The company said two of the wells drilled into the field were among the most prolific onshore gas wells in the United States since 2002. The Bonnie Ann 1 and South McLean B1 wells produced more than 50 million cubic feet of gas a day while the last well drilled there, called Laxson, is producing 65 million cubic feet a day.
The latest acquisition will add Leor's output of 75 million cubic feet a day and 56,300 acres of exploration lands in east Texas. EnCana, which produced 3.63 billion cubic feet of gas a day in the third quarter, expects the deal to immediately add to cash flow and be neutral to earnings.
"It's a great outcome. I think they're buying the best property in North America," said Guma Aguiar, Leor's chief executive.
The deal puts an exclamation point on an old-fashioned wildcat play that is the biggest find in Houston geologist John Amoruso's career.
Amoruso theorized that 150 million years ago a river emptied into the sea in Robertson County and the result was gas 14,000 to 20,000 feet beneath the cow pastures of today.
The field is part of the Deep Bossier trend in east Texas, part of a play that produces about 1.4 billion cubic feet of gas a day.
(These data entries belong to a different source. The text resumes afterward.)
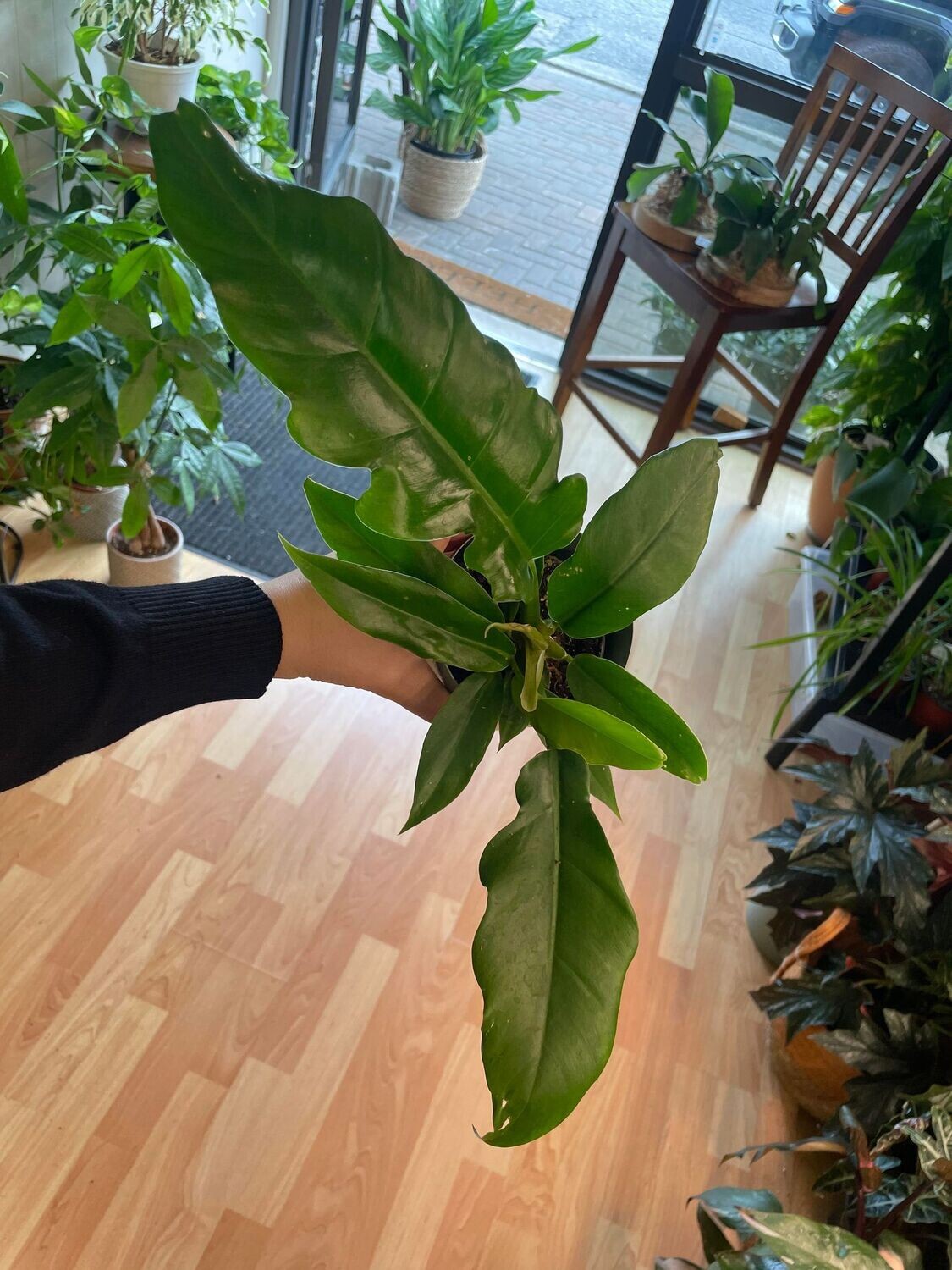 3.5&quot; Philodendron Narrow Escape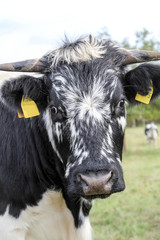 Kuh, K&uuml;he, Rinder auf der Weide 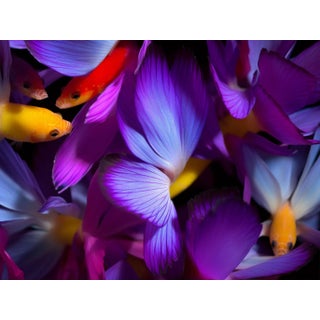 "Color Jungle" Original Fish Still Life Photograph by Michael Filonow For Sale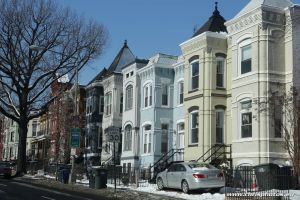 IMG_0686-web.jpg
EnCana said production in the region is highly profitable because the play lies close to pipelines and gas trading hubs.
In total, EnCana expects the field to produce up to 3.3 trillion cubic feet, including the portion it already controls.
The acquisition is EnCana's largest purchase of gas assets since 2004, when it paid $2.7 billion for U.S. producer Tom Brown Inc.
As well, it's the first major deal the company has made since it threatened to cut $1 billion in spending in Alberta if the province raised royalty rates on oil and gas production.
Alberta did hike rates, but less than EnCana had feared, and Eresman said the purchase wasn't a response to the higher costs.
"It is a normal strategic event," he said. "This transaction has nothing to do with EnCana's future plans as they relate to the Alberta government's new royalty framework."
Shares of EnCana fell 79 Canadian cents, or 1.2 percent, to C$66.98 on the Toronto Stock Exchange amid a broad-based retreat by the market.
The acquisition is effective as of Oct. 1 and is expected to close by year-end.
Kipp
TXCO C.C. in 5 minutes Link:
http://www.txco.com/concall.html
TXCO C.C. in 5 minutes Link:
http://www.txco.com/concall.html
cl001 - Thanks for the recognition, we have a great team effort going here and I really appreciate everyone in the VMC universe. It has changed my financial condition forever!
Kipp
I would not stand in the way of kicking CMM off the list. I sold when Bob sold.